From d7ea80226e83ec69829eb0f62bd44a773aca68b0 Mon Sep 17 00:00:00 2001
From: Mark Walker <markw@broadinstitute.org>
Date: Fri, 14 Jun 2024 13:13:01 -0400
Subject: [PATCH] Finish addressing comments

---
 .../process_posthoc_cpx_depth_regenotyping.py | 73 ++++++++++---------
 1 file changed, 39 insertions(+), 34 deletions(-)

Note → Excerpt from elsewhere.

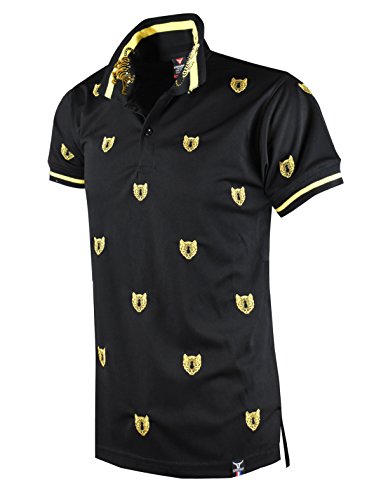 SCREENSHOTBRAND-S11816 Mens Hipster Hip-Hop Premium Tees - Stylish Fashion Tiger Head Embroidery Polo T-Shirt - Black-XLarge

diff --git a/src/sv-pipeline/04_variant_resolution/scripts/process_posthoc_cpx_depth_regenotyping.py b/src/sv-pipeline/04_variant_resolution/scripts/process_posthoc_cpx_depth_regenotyping.py
index 6e2626ead..8b63e6073 100644
--- a/src/sv-pipeline/04_variant_resolution/scripts/process_posthoc_cpx_depth_regenotyping.py
+++ b/src/sv-pipeline/04_variant_resolution/scripts/process_posthoc_cpx_depth_regenotyping.py
@@ -2,6 +2,7 @@
 
 import argparse
 import gzip
+import logging
 import sys
 
 from collections import Counter
@@ -320,6 +321,7 @@ def _count_del_dup_wt(variants_list, samples, control_cn):
 
 def clean_up_intervals(genotype_counts, intervals_list_dict, genotype_counts_tree_dict):
     visited_vids = set()  # Only visit each unique extended vid (w/ interval info)
+    cleaned_genotype_counts = dict()
     for query_record in genotype_counts:
         if query_record.merged_vid in visited_vids:
             continue
@@ -354,14 +356,19 @@ def clean_up_intervals(genotype_counts, intervals_list_dict, genotype_counts_tre
                         cnv_assessment = "TOO_SMALL"

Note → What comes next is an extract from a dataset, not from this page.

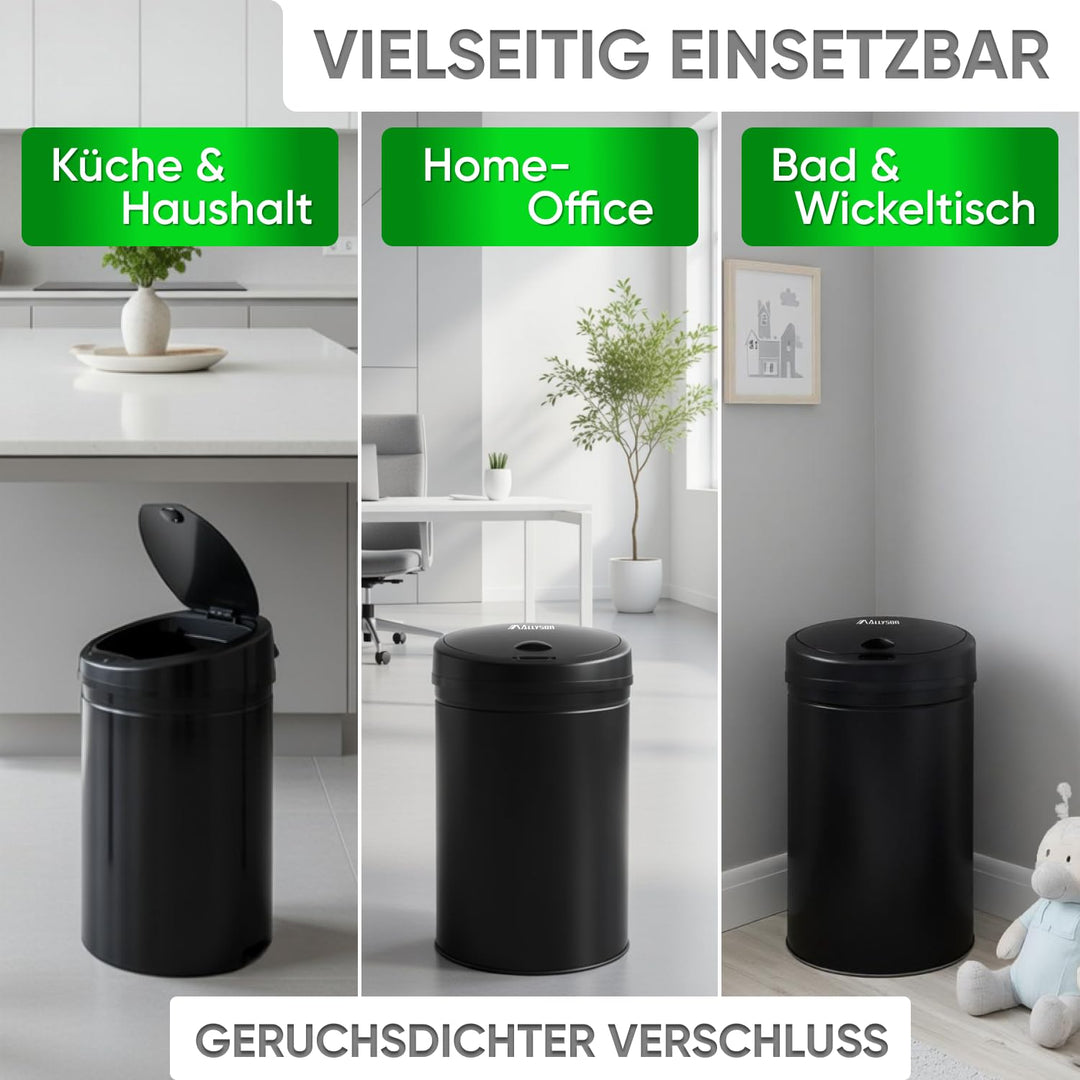 Allyson® Sensor Mülleimer Küche mit Sensor 30L – Automatik Abfalleimer Edelstahl mit Soft-Close Deck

                     else:
                         cnv_assessment = "WT"
-                    yield CleanedVariantIntervalRecord(interval_chrom, interval_start, interval_end,
-                                                       interval_type, matching_record.vid, matching_record.sv_type,
-                                                       matching_record.cpx_type, matching_record.carrier_del,
-                                                       matching_record.carrier_wt, matching_record.carrier_dup,
-                                                       matching_record.control_del, matching_record.control_wt,
-                                                       matching_record.control_dup,
-                                                       matching_record.diff_case_control_del_frac,
-                                                       matching_record.diff_case_control_dup_frac, cnv_assessment)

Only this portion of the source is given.